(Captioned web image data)
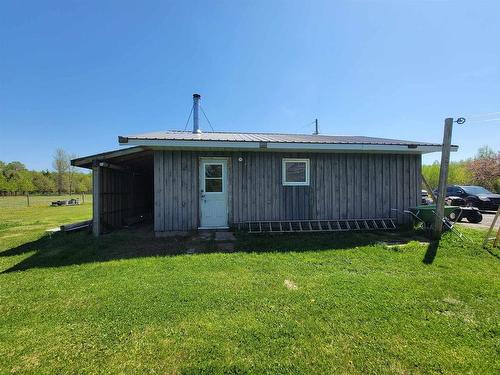 285 Sundwall Rd, Stratton, ON - Outdoor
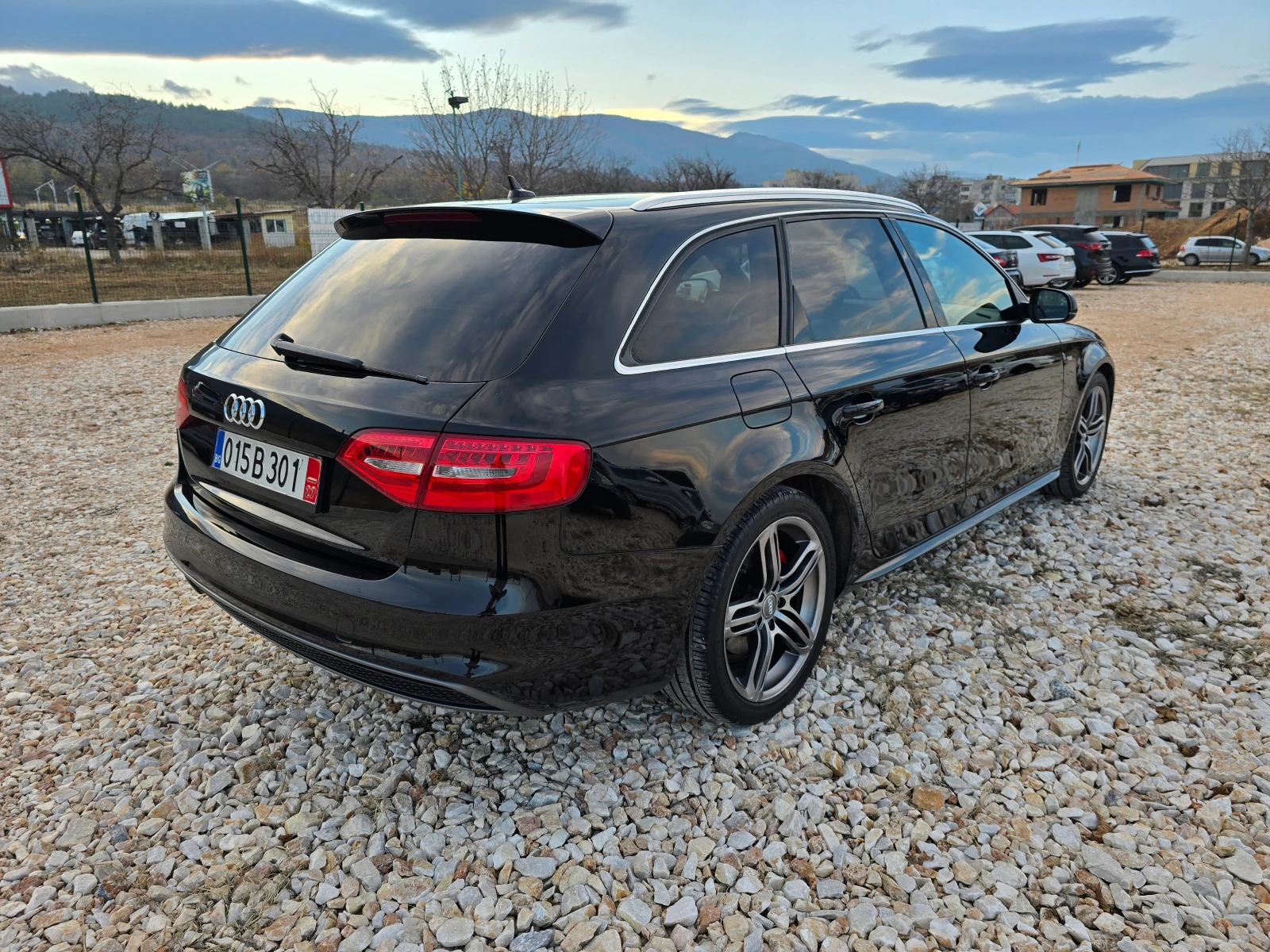 Audi A4 2.0TDI 3XS-LINE/177кс/Quatrro/ - изображение 4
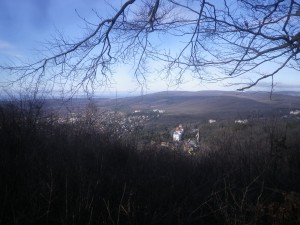 A képen a Budakeszi Tüdőszanatórium közeli és a Rehabilitációs Központ távolabbi épületei. 2019.12.28. Normafa-Lipótmező VSC túra. Fotó: Sándor Tibor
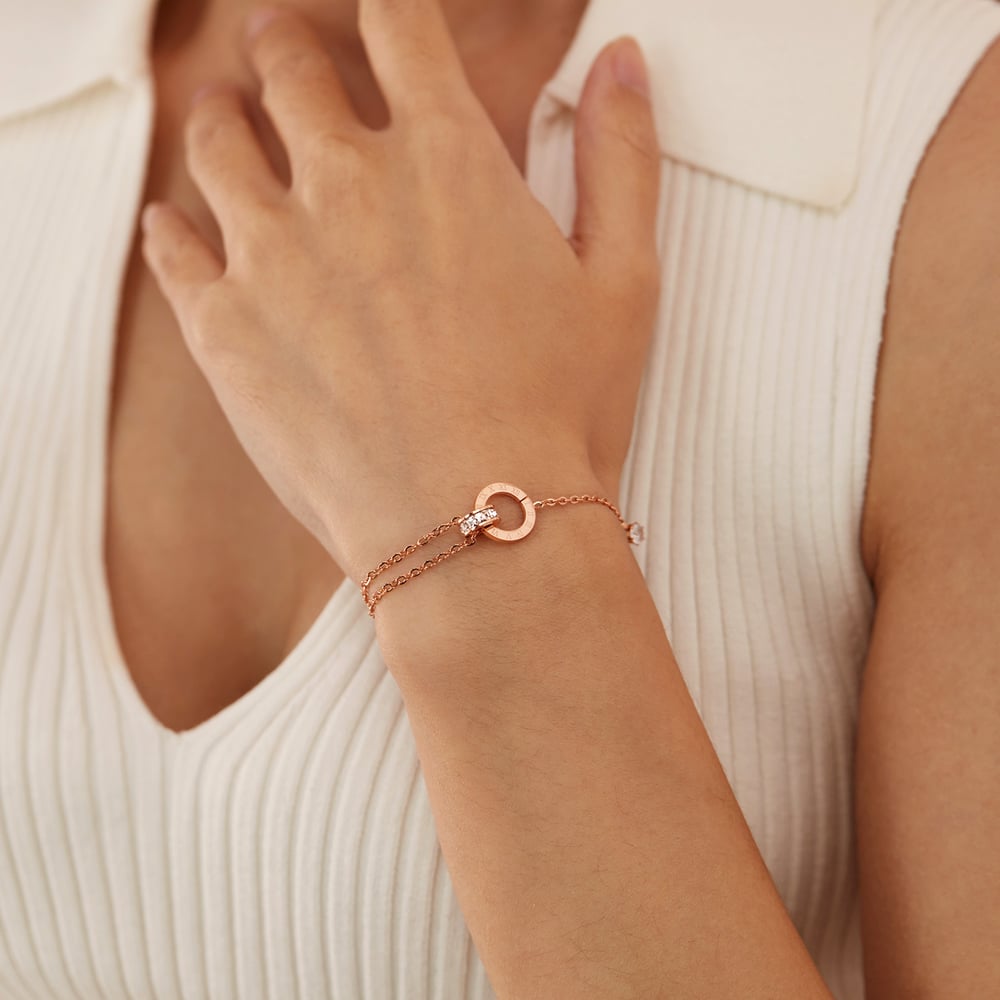 Pulsera de cadena de acero inoxidable color dorado con números diarios de serie simple para mujer, 1 pieza h5Imagen4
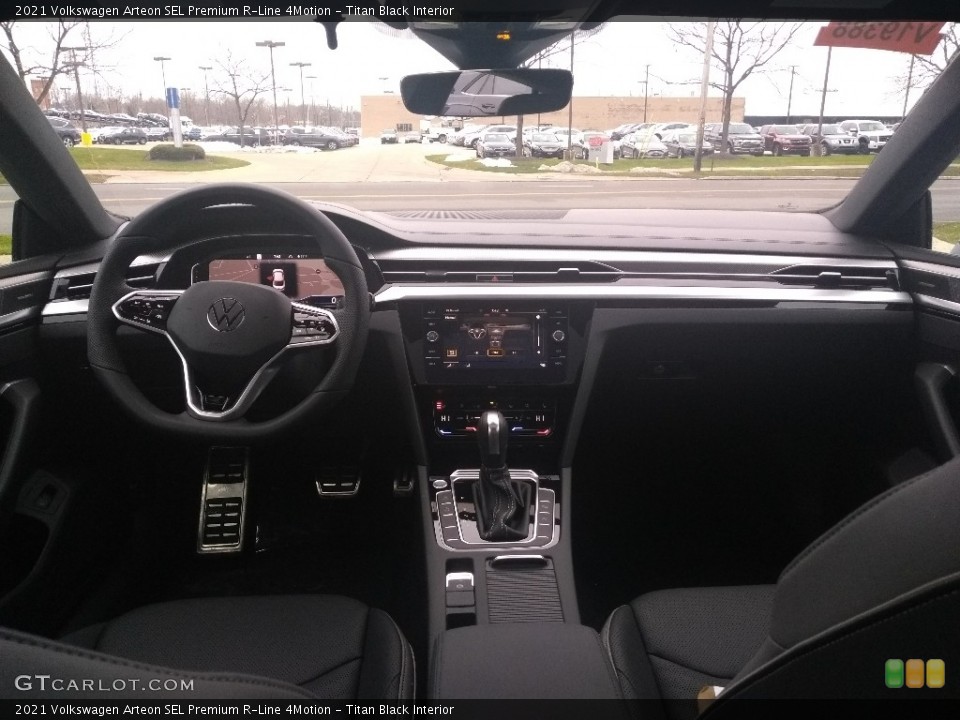 Titan Black Interior Dashboard for the 2021 Volkswagen Arteon SEL Premium R-Line 4Motion #140732108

» **Problem**: Could the entries above be printed again exactly, apart from the pictures?

» **Your response**:
 285 Sundwall Rd, Stratton, ON - Outdoor
 Audi A4 2.0TDI 3XS-LINE/177кс/Quatrro/ - изображение 4
 A képen a Budakeszi Tüdőszanatórium közeli és a Rehabilitációs Központ távolabbi épületei. 2019.12.28. Normafa-Lipótmező VSC túra. Fotó: Sándor Tibor
 Pulsera de cadena de acero inoxidable color dorado con números diarios de serie simple para mujer, 1 pieza h5Imagen4
 Titan Black Interior Dashboard for the 2021 Volkswagen Arteon SEL Premium R-Line 4Motion #140732108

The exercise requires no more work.